El tal Gorgias, sofista.
En mi libro, uno de los filósofos que se quedó sin página es un sofista, Gorgias, que quizá habría merecido más suerte. Gorgias era Gorgias de Leontinos, aunque en algún examen de filosofía se ha afirmado que era Gorgias de Leotardos (qué disparate). Pero, no, era de Leontinos. Nació hacia el 485 aC en esa ciudad de la Magna Grecia, que es, para los no iniciados, Sicilia. Aquí comienza el cuento.
Gorgias se vendía muy bien y aseguró haber sido discípulo de Empédocles, un filósofo de gran fama (aunque más loco que una cabra). Lejos de arrojarse al cráter de un volcán, como su maestro, Gorgias viajó mucho, mucho, y no paró de hablar durante todo el rato. Hablar era lo que le iba y se convirtió en un grandísimo orador y maestro de retórica. Se ganaba la vida dando clases de retórica a quien quisiera pagarle por ellas y no tenía manías. Yo no te enseñaré a ser virtuoso, decía, pero sí a engañar a tu auditorio, que para eso me pagas. Es, a todos los efectos, un sofista comme il faut, el estereotipo del sofista griego.
Su fama alcanzó su cénit cuando hizo de embajador de Leontinos en Atenas y sacó provecho de su labia, dándole vueltas a todo y causando una gran impresión entre los atenienses. ¡Cómo habla Gorgias!, exclamaban. ¡Tiene un pico de oro! A tanto llegó su maestría que los grandes hombres de su época hicieron cola para tomar sus lecciones. Entre sus alumnos destacan Tucídides, el historiador, Agatón, el poeta, Isócrates, Critias o el mismísimo Alcibíades.
Señalo que la mayoría de esos personajes aparecen en El banquete o en otros Diálogos de Platón, como cualquiera sabe, y que también habían tomado lecciones de Sócrates, que defendía unas ideas morales en las antípodas de las ideas morales de Gorgias. Quizá por eso mismo, porque le birlaba los alumnos y decía que no a lo que él decía que sí, Platón recela de Gorgias y le dedica un diálogo en el que lo pone patas arriba.

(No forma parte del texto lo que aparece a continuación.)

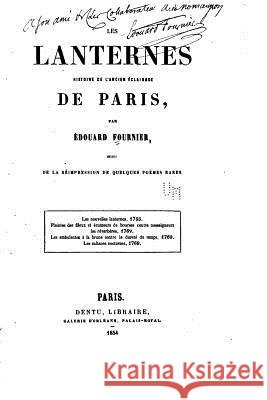 Les lanternes, histoire de l'ancien éclairage de Paris Fournier, Edouard 9781522701385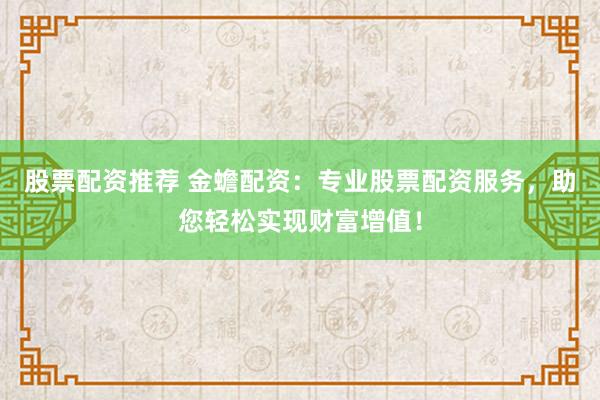 股票配资推荐 金蟾配资：专业股票配资服务，助您轻松实现财富增值！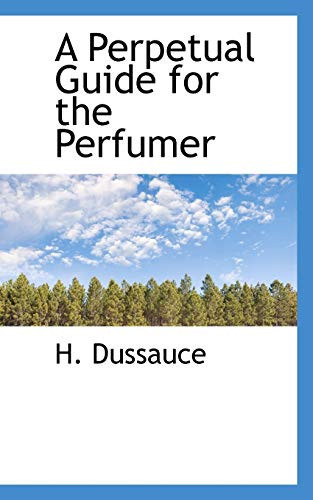 A Perpetual Guide for the Perfumer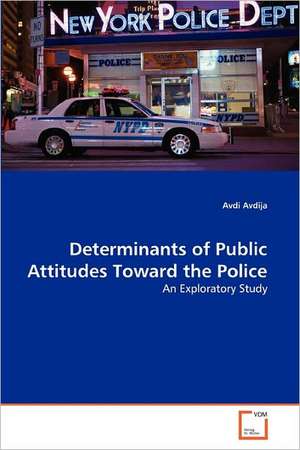 Determinants of Public Attitudes Toward the Police de Avdija Avdi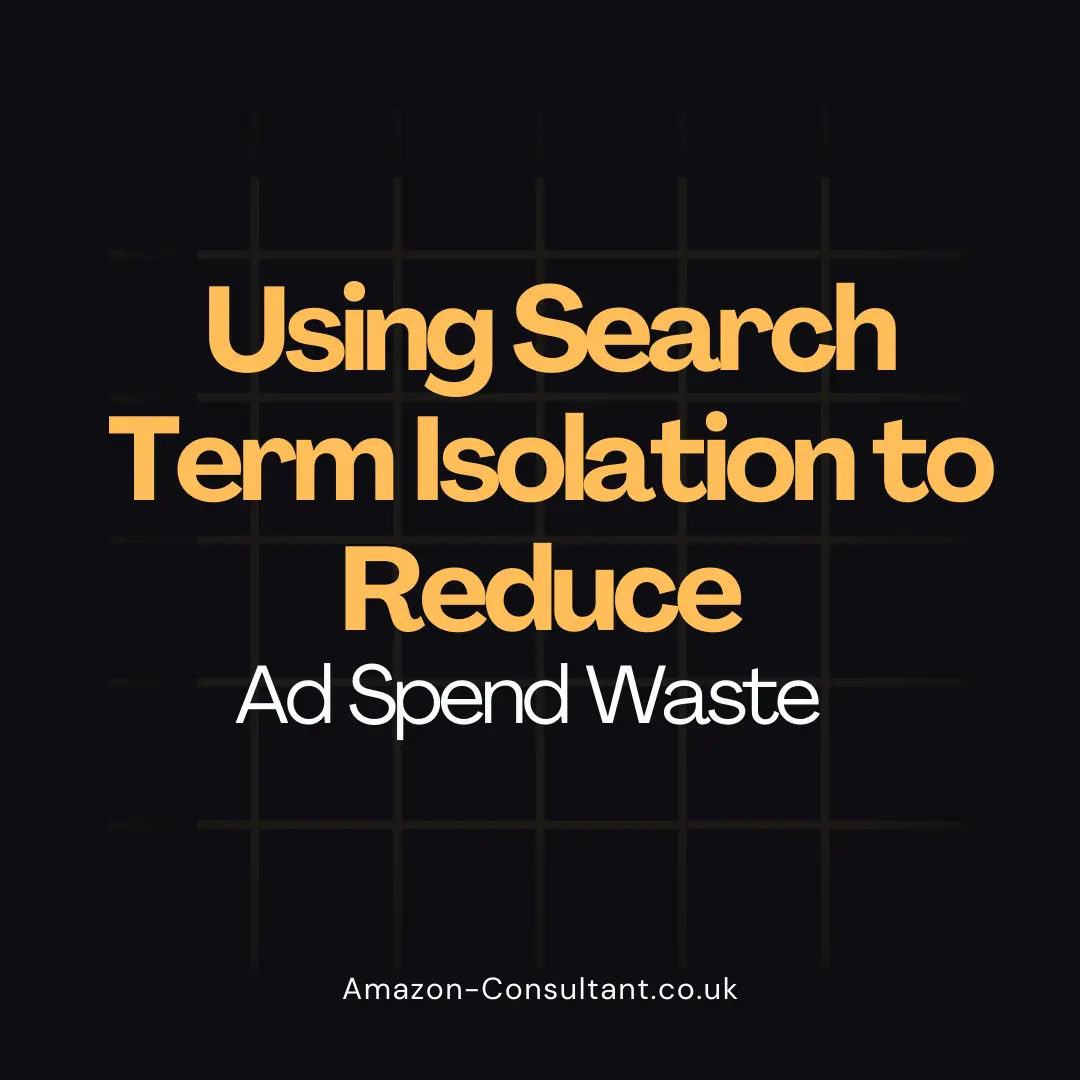 Using-Search-Term-Isolation-to-Reduce-Ad-Spend-Waste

La imagen que tenemos de Gorgias (y de todos los sofistas) es la que nos proporciona Platón, y si algo cabe decir es que sutil, lo que es sutil, Platón no era.
Gorgias haciendo las veces de embajador.
(Y si no él, cualquier otro.)
Gorgias, ya lo he dicho, tenía el don de la palabra. Una de sus principales aficiones era presentarse en el ágora cuando había una asamblea. Se ponía de parte de unos, pedía la palabra y en un pispás convencía a todo el mundo de lo justa y necesaria que era su postura. Cuando los tenía a todos en el bolsillo, volvía a pedir la palabra y defendía entonces la postura contraria, volviendo a convencer de nuevo a todo el público. Después de marear la perdiz llevando al público donde quería, convenciéndole de una cosa y la contraria, se retiraba tan contento y al día siguiente no le faltaban alumnos en clase.
Sin embargo, me quedo con una de sus lecciones, que también despertó la admiración del mismísimo Platón. Gorgias sostenía la teoría de que no existía nada (repito, nada) y la defendía con argumentos irrebatibles. Irrebatibles porque, después de haberlo hecho, pedía al público que intentara demostrar que cualquiera de sus afirmaciones era falsa, y se dice que el público no podía hacerlo. Suerte que Aristóteles asentó, años después, la lógica y de ser nada hemos pasado a ser alguna cosa.